Le plus grand défi est peut-être la grande quantité d'artillerie que les Russes ont positionnée sur la rive est du fleuve. La rivière sera sous la surveillance continue des éclaireurs russes et des drones. Il est peu probable que la mise en scène d'un passage à niveau humide passe inaperçue. Dès que les unités de pontage entreront dans l'eau, elles seront probablement sous le feu de l'artillerie russe et des munitions qui traînent. Si le pont était établi, un seul Shahed-136, qui peut transporter jusqu'à 30 kg d'explosifs, pourrait détruire une grande partie du pont.

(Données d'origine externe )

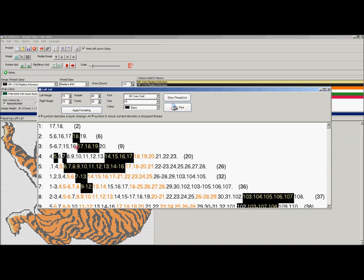So if we work our way through this particular left list, line 1 will be the first rotation, which is this leftmost column of the weave over here. You can see we have to place threads 17 and 18 in black in the jig, and on rotation 2 we're placing 5, 6, 16, 17, and you'll notice a color change on 18.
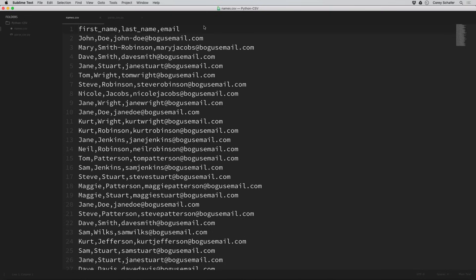Hey there, how's it going everybody? In this video we're going to be looking at how to read, parse, and write CSV files.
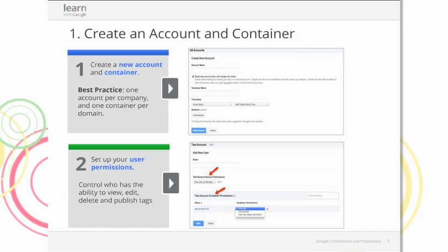Step one: create an account at google.com/tag-manager. This is a free product, so feel free to log in and check it out. It is best practice to create one account per company and one container per domain. For example, a large airline with multiple region-specific websites should have one account for the airline and one container per region. Once you've set up your account and container, it's a matter of managing user permissions — adding users with the ability to view, edit, delete, or publish at both the account and container level.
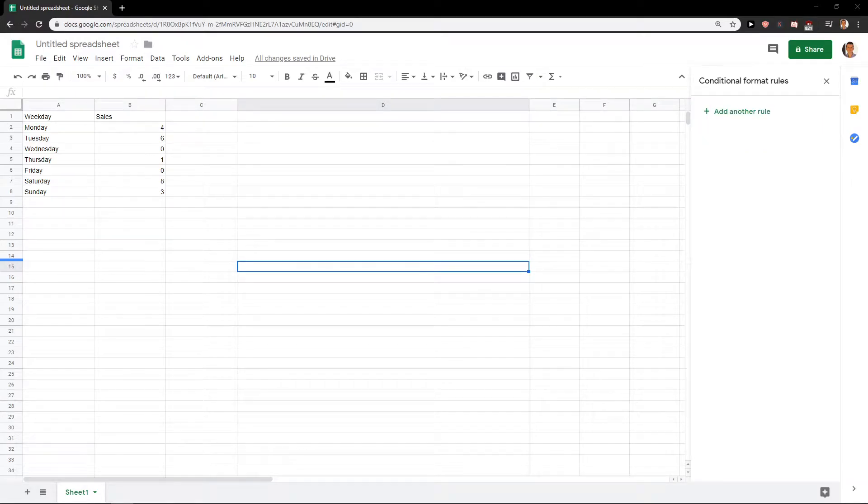Welcome everybody, my name is Marco Stone and in this video I want to show you how you can hide rows with zero value in Google Sheets.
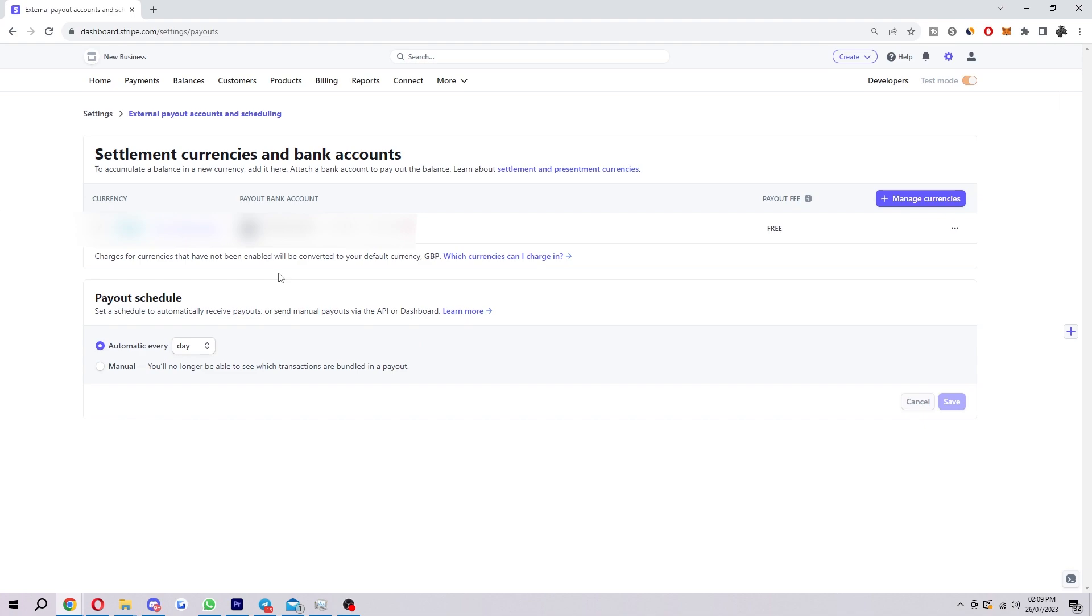There's a few more things we can do from here if we want. You can also change the payment schedule. So you can set it automatically every day if you want. Or if you don't want to be receiving the money every day, you want to manually get it, you can select this manual. And as you can see, it says you'll no longer be able to see which transactions are bundled in a payout.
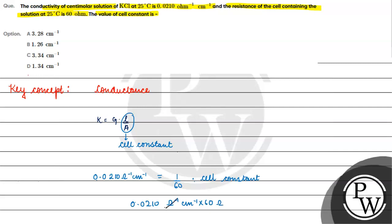Ohm inverse is equal to ohm. This basically gives one point two six centimeter inverse. The cell constant value is one point two six centimeter inverse. The correct option is B. I hope you understood it well. Thank you, all the best.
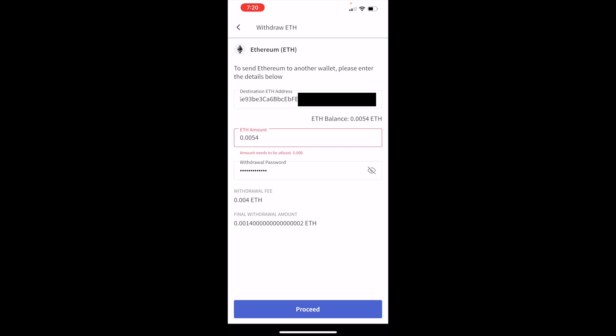So make sure you have sufficient Ethereum which you want to transfer so that per transaction charge doesn't increase for you. If you have more Ethereum, just buy that and then transact in one go so that the withdrawal fee, which anyways would be 0.004 Ethereum, remains the same.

Bien que difficile, les Ukrainiens disposent de plusieurs technologies qui peuvent les aider. En particulier, ils ont très bien réussi à localiser et à détruire l'artillerie russe. Leurs missiles HIMARS ont une portée importante et peuvent détruire avec précision des cibles russes. Les systèmes ukrainiens de contre-drone et de défense aérienne ont très bien réussi à abattre les munitions russes qui rôdaient. De plus, les Ukrainiens ont leur suite d'équipements de guerre électronique qui peuvent perturber les opérations défensives russes.

Indépendamment de ces technologies, traverser le Dnipro serait difficile pour les forces ukrainiennes et prendra du temps à planifier et à orchestrer, ce qui ralentira la contre-offensive. Dans les temps modernes, peu d'armées ont réussi à franchir un fossé humide. Les Russes ont fait un geste tactique intelligent en abandonnant Kherson, ce qui aurait été un bain de sang urbain. La question se pose maintenant de savoir si les Ukrainiens vont tenter une manœuvre risquée et franchir le Dnipro.